The problem
The records below must be reproduced in full and without error.

Data shown
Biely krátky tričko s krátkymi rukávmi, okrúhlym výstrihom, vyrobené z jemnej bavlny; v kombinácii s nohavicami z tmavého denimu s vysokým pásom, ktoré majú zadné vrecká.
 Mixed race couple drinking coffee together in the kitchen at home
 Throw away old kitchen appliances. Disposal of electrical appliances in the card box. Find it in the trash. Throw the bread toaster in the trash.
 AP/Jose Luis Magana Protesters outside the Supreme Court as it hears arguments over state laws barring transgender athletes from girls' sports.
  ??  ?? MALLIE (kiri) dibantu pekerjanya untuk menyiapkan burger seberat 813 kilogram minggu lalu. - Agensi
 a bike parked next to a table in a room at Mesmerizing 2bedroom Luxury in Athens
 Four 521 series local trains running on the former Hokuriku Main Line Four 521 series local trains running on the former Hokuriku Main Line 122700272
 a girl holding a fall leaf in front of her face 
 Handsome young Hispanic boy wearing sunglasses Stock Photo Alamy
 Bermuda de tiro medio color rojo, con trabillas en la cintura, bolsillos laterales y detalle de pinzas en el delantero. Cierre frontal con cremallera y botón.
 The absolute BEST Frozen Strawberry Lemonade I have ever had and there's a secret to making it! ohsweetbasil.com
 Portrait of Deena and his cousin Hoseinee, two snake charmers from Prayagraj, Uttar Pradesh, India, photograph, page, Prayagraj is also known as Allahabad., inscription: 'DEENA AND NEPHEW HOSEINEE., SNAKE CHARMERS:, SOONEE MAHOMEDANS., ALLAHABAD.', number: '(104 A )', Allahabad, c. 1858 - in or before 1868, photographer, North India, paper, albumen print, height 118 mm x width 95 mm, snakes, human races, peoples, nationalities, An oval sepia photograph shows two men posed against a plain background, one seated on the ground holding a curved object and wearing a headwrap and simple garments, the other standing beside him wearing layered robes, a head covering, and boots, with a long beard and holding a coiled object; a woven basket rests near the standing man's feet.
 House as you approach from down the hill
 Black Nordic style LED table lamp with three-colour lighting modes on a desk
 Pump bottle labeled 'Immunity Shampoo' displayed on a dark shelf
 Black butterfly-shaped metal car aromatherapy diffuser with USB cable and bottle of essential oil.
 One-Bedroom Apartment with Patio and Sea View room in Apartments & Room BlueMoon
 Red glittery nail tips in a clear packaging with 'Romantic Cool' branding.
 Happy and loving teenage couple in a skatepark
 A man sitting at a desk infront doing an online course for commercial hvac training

Solved problem
Biely krátky tričko s krátkymi rukávmi, okrúhlym výstrihom, vyrobené z jemnej bavlny; v kombinácii s nohavicami z tmavého denimu s vysokým pásom, ktoré majú zadné vrecká.
 Mixed race couple drinking coffee together in the kitchen at home
 Throw away old kitchen appliances. Disposal of electrical appliances in the card box. Find it in the trash. Throw the bread toaster in the trash.
 AP/Jose Luis Magana Protesters outside the Supreme Court as it hears arguments over state laws barring transgender athletes from girls' sports.
  ??  ?? MALLIE (kiri) dibantu pekerjanya untuk menyiapkan burger seberat 813 kilogram minggu lalu. - Agensi
 a bike parked next to a table in a room at Mesmerizing 2bedroom Luxury in Athens
 Four 521 series local trains running on the former Hokuriku Main Line Four 521 series local trains running on the former Hokuriku Main Line 122700272
 a girl holding a fall leaf in front of her face 
 Handsome young Hispanic boy wearing sunglasses Stock Photo Alamy
 Bermuda de tiro medio color rojo, con trabillas en la cintura, bolsillos laterales y detalle de pinzas en el delantero. Cierre frontal con cremallera y botón.
 The absolute BEST Frozen Strawberry Lemonade I have ever had and there's a secret to making it! ohsweetbasil.com
 Portrait of Deena and his cousin Hoseinee, two snake charmers from Prayagraj, Uttar Pradesh, India, photograph, page, Prayagraj is also known as Allahabad., inscription: 'DEENA AND NEPHEW HOSEINEE., SNAKE CHARMERS:, SOONEE MAHOMEDANS., ALLAHABAD.', number: '(104 A )', Allahabad, c. 1858 - in or before 1868, photographer, North India, paper, albumen print, height 118 mm x width 95 mm, snakes, human races, peoples, nationalities, An oval sepia photograph shows two men posed against a plain background, one seated on the ground holding a curved object and wearing a headwrap and simple garments, the other standing beside him wearing layered robes, a head covering, and boots, with a long beard and holding a coiled object; a woven basket rests near the standing man's feet.
 House as you approach from down the hill
 Black Nordic style LED table lamp with three-colour lighting modes on a desk
 Pump bottle labeled 'Immunity Shampoo' displayed on a dark shelf
 Black butterfly-shaped metal car aromatherapy diffuser with USB cable and bottle of essential oil.
 One-Bedroom Apartment with Patio and Sea View room in Apartments & Room BlueMoon
 Red glittery nail tips in a clear packaging with 'Romantic Cool' branding.
 Happy and loving teenage couple in a skatepark
 A man sitting at a desk infront doing an online course for commercial hvac training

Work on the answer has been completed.